Dicumarol Induces Apoptosis in MIA PaCa-2 Cells.

Apoptosis was studied by flow cytometry using PI and light microscopy with DAB staining. Treatment of MIA PaCa-2 cells with 50, 100, and 250 μm dicumarol resulted in a dose-dependent and time-dependent increase in apoptosis as measured by flow cytometry (Fig. 2,A). For example, there was a 6-fold increase in the sub-G1 population of MIA PaCa-2 cells as measured by flow cytometry when treated with 100 and 250 μm dicumarol. As seen in Fig. 2,B, cell cycle analysis was performed by flow cytometry, and apoptotic cells were estimated by calculating the number of subdiploid cells in the cell cycle histogram. The number of apoptotic cells correlated well with the results seen in the DAB staining (Fig. 2 B). As demonstrated in the left panel, DAB staining is increased with increasing doses of dicumarol for 24 h. This corresponds to the right panel, where the number of apoptotic cells also increased with increasing doses of dicumarol. For example, the number of apoptotic cells increased from 5.5% in the controls to 19.2, 22.6, and 31.6% with dicumarol 50, 100, and 250 μm, respectively.

Dicumarol Induces Cytochrome c Release and PARP Cleavage.

Cytochrome c is released from the mitochondria to the cytosol during apoptosis when mitochondrial membrane permeability is disrupted. Cytochrome c protein was present and unchanged in MIA PaCa-2 cells treated with dicumarol for 4 h at doses of 0, 50, 100, and 250 μm (data not shown). However, there was an increase in cytochrome c protein when cells were treated with dicumarol for 24 h at doses of 100 and 250 μm when compared with cells receiving no dicumarol (Fig. 2 C).

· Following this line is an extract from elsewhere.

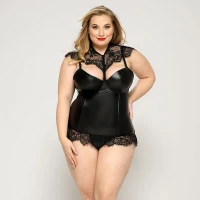 Латексний комплект білизни JSY «Пристрасна Ірис» Plus Size, Black, корсет, стрінги, мереживо — Просмотреть изображение 1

Once cytochrome c is released from the mitochondria, it complexes with apoptotic protease-activating factor 1 to activate caspase-9. Once caspase-9 is activated, it can additionally activate downstream caspases such as caspase-3. During apoptosis, caspase-3 is cleaved into active caspase-3 (38). Activated caspase-3 in turn cleaves its substrate PARP from a Mr 116,000 protein to produce a Mr 85,000 fragment (39). As seen with cytochrome c, there were no changes in PARP immunoreactive protein in MIA PaCa-2 cells treated with dicumarol for 4 h at doses of 0, 50, 100, and 250 μm (data not shown). However, there was increased PARP cleavage in MIA PaCa-2 cells treated with dicumarol for 24 h at doses of 100 and 250 μm when compared with cells receiving no dicumarol (Fig. 2 C).

Dicumarol-Induced Oxidative Stress as Measured by Thiol Analysis.

Oxidative stress is commonly accompanied by increases in steady-state levels of oxidized thiols such as GSSG. Fig. 3 indicates that oxidative stress is induced by dicumarol in pancreatic cancer cells as evidenced by a disruption in glutathione metabolism leading to both increased steady-state levels of glutathione and GSSG. This was determined by measuring the intracellular concentrations of GSSG and total glutathione (reduced glutathione + GSSG) as an index of oxidative stress during dicumarol treatment. Fig. 3 shows that total and reduced glutathione concentrations were increased after 24 h of 50 and 100 μm dicumarol. This suggests that glutathione synthesis was induced by dicumarol during the same time frame as cytotoxicity was occurring. Fig. 3 also shows a significant increase in the steady-state levels of GSSG induced by 4- and 24-h treatment with 50 and 100 μm dicumarol. These results are consistent with the hypothesis that dicumarol-induced intracellular oxidative stress occurs during the same time frame as cytotoxicity and alterations in apoptotic pathways.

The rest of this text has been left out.